So this is a spectrum of a sequence and now if we apply this Inverse DFT function.
Therefore, we multiply each of these spectral samples
by the samples of four sinusoids or complex sinusoids.
Of different frequencies,
we will see that the result is basically the signal we started with.
So this is a complex signal, the result that has for
4 J minus 4 and minus 4 J, so
this is the inverse transform of this spectrum.
And let's show an example.
So for real signals, we do not need the complete
spectrum in order to recover the original signal.
We saw that it was symmetric so it's enough to have half of the spectrum,
and typically we use the positive of the spectrum.
So if we have for example in these figure we have a given magnitude spectrum and
of course we have a phase spectrum,
then we can do the inverse of that.
And we can compute it using these equations.
So we first have to generate the negative part of the spectrum so
the positive part will be the magnitude multiplied
by the complex exponential tool, the phase.

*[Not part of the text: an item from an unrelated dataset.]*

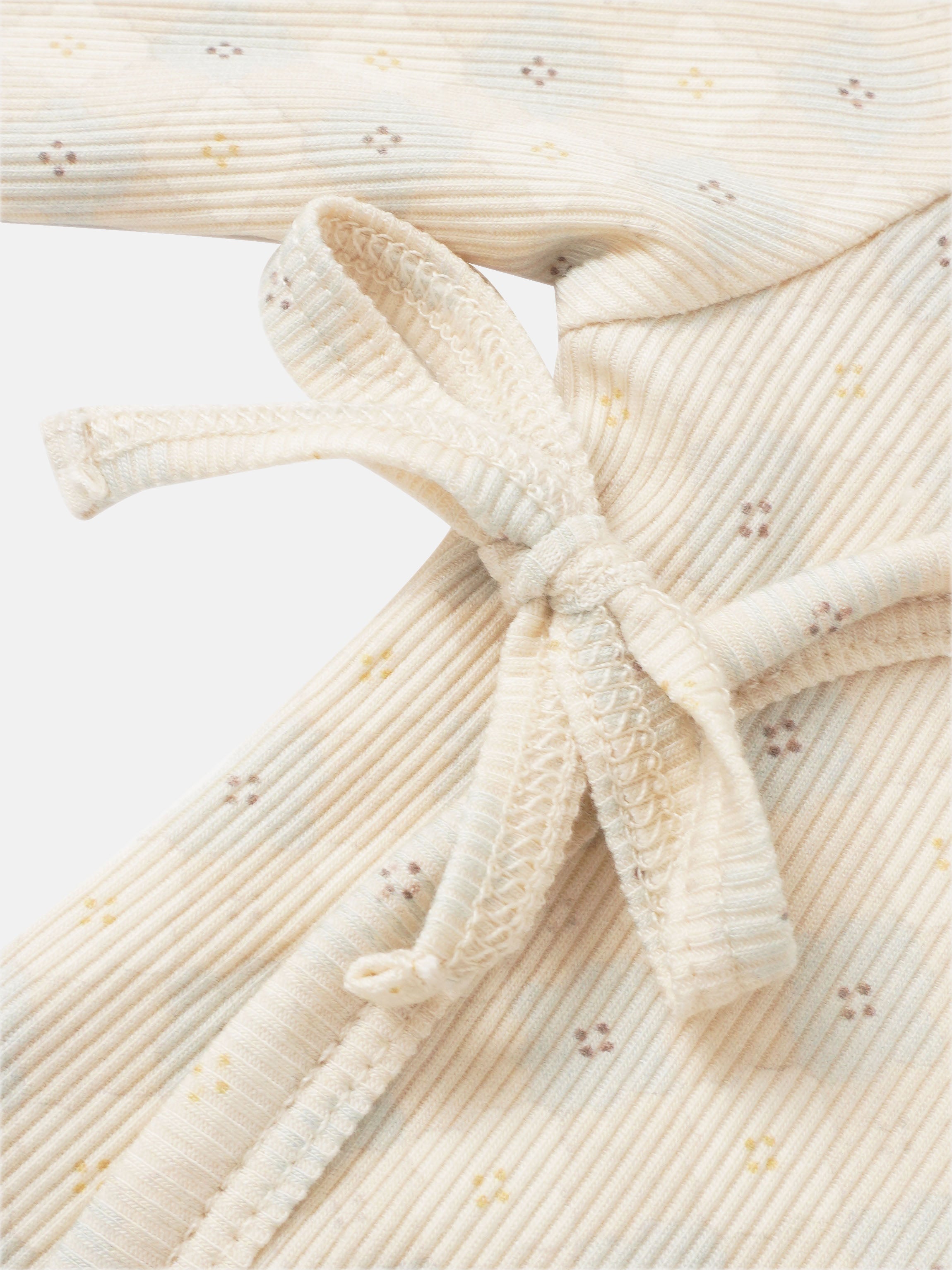 Little Button Blue layette set for boys by Adee, cream ribbed knit with tiny pastel specks.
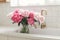 Beautiful peonies in vase in sink on background of brass faucet and white counter in new scandinavian house. Pink peony flowers in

And the negative part is going to be the magnitude again
multiplied by the negative part of the phase.
Okay, and then if we do the inverse DFT,
we apply that equation into these whole sequence,
these whole spectrum X [k] we will get back a real sinusoid.
Okay, so this is a sinusoid that has the length of the spectrum
we started from, in this case, it's 64 samples.
The spectrum had 32 positive samples and
32 negative samples, and the inverse for
your transfer has this 64 samples of a real sinusoid.
Okay, so we will come back to these concepts in the next lectures so
do not worry if you still are not understanding completely this concept.
So again, you can find a lot of information about
the Discrete Fourier transform in Wikipedia and
of course on the website of Julius and here you have all
the standard credits that we have in every class.
So in the first part of this lecture we introduced the DFT equation.
And in the second part,
we have seen how the DFT works when the input is a sinusoid.
We have also explained the members DFT.
If you have been able to understand this, you are doing very good.
You should have no problem with the rest.
So, see you next class.
Thank you.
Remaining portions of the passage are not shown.